Use the limit theorem and the properties of limits to find the limit.

Answer 1

`a. 0`

Explanation:

The given limit is

`\lim_(x \to \infty) ((x)/(x^2+1)+(2x^2)/(x^3+x))`

The limit of a sum is the sum of the limit

`\lim_(x \to \infty) (x)/(x^2+1)+lim_(x \to \infty) (2x^2)/(x^3+x)`

We divide the numerator and the denominator of each limit by the highest power of x in the denominator.

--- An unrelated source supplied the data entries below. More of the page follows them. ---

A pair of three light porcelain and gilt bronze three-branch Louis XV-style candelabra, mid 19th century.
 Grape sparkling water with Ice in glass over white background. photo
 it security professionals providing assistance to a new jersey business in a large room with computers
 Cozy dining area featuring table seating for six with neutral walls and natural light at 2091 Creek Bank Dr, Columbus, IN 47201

`\lim_(x \to \infty) ((x)/(x^2))/((x^2)/(x^2)+(1)/(x^2))+lim_(x \to \infty) ((2x^2)/(x^3))/((x^3)/(x^3)+(x)/(x^3))`

This gives us;

`\lim_(x \to \infty) ((1)/(x))/(1+(1)/(x^2))+lim_(x \to \infty) ((2)/(x))/(1+(1)/(x^2))`

Apply the following property of limit;

As
`x \to \infty, (c)/(x^n) \to 0`, where c is a constant.

This will give us;

`\lim_(x \to \infty) ((1)/(x))/(1+(1)/(x^2))+lim_(x \to \infty) ((2)/(x))/(1+(1)/(x^2))=(0)/(1+0)+(0)/(1+0)=0`

Answer 2

A

Explanation:

First, simplify the expression

`(x)/(x^2+1)+(2x^2)/(x^3+x)=(x)/(x^2+1)+(2x^2)/(x(x^2+1))=(x^2+2x^2)/(x(x^2+1))=(3x^2)/(x(x^2+1)).`

Then the limit is

`\lim_(x \to \infty) (3x^2)/(x(x^2+1)).`

Since the denominator of this fraction has greater power (the power of the denominator is 3) than numerator has (the power of numerator is 2), by the limit theorem this limit is equal to 0.